▶ Aim of the task
Pictures in the records below must be left out. Return exactly the lines from the line with "Beyerdynamic MA 206 operating instructions" to the line with "Balneo Duplex Next", both included.

▶ Input data
------------------------------------

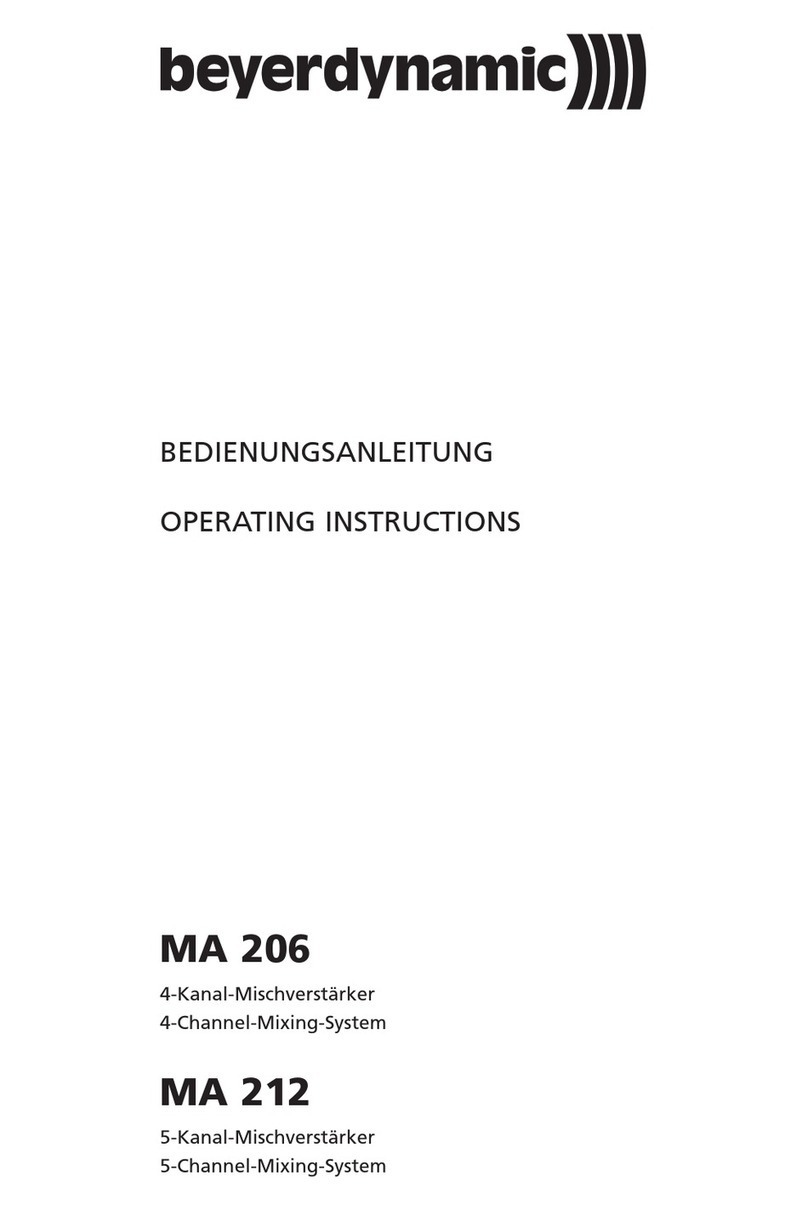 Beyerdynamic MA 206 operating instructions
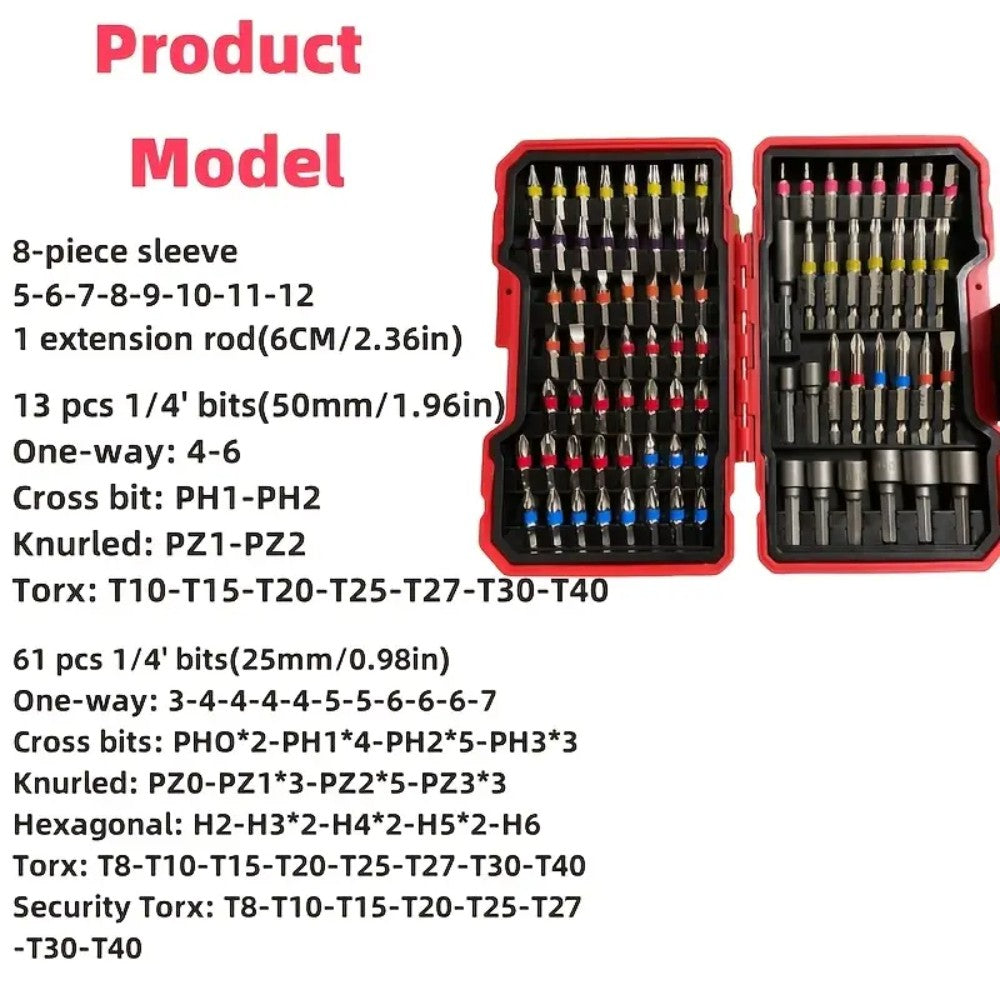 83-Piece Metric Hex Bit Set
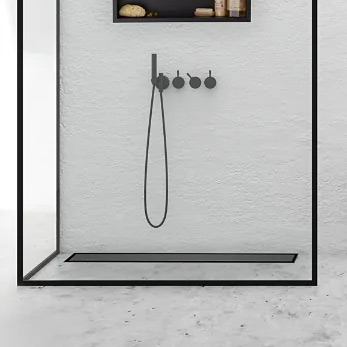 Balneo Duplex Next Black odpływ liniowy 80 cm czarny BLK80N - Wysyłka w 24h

------------------------------------

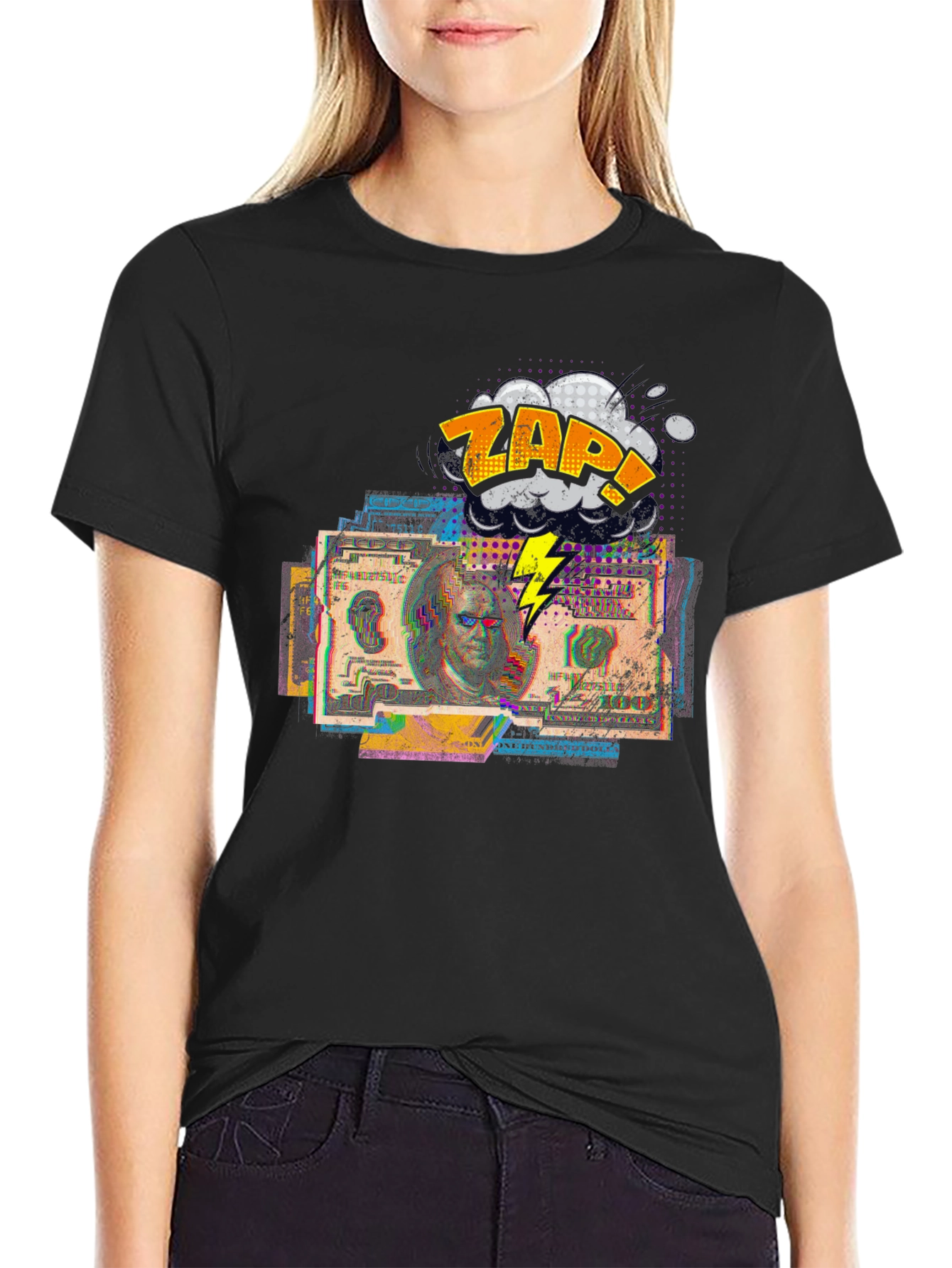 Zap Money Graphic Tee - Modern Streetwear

------------------------------------

▶ Completed exercise
 Beyerdynamic MA 206 operating instructions
 83-Piece Metric Hex Bit Set
 Balneo Duplex Next Black odpływ liniowy 80 cm czarny BLK80N - Wysyłka w 24h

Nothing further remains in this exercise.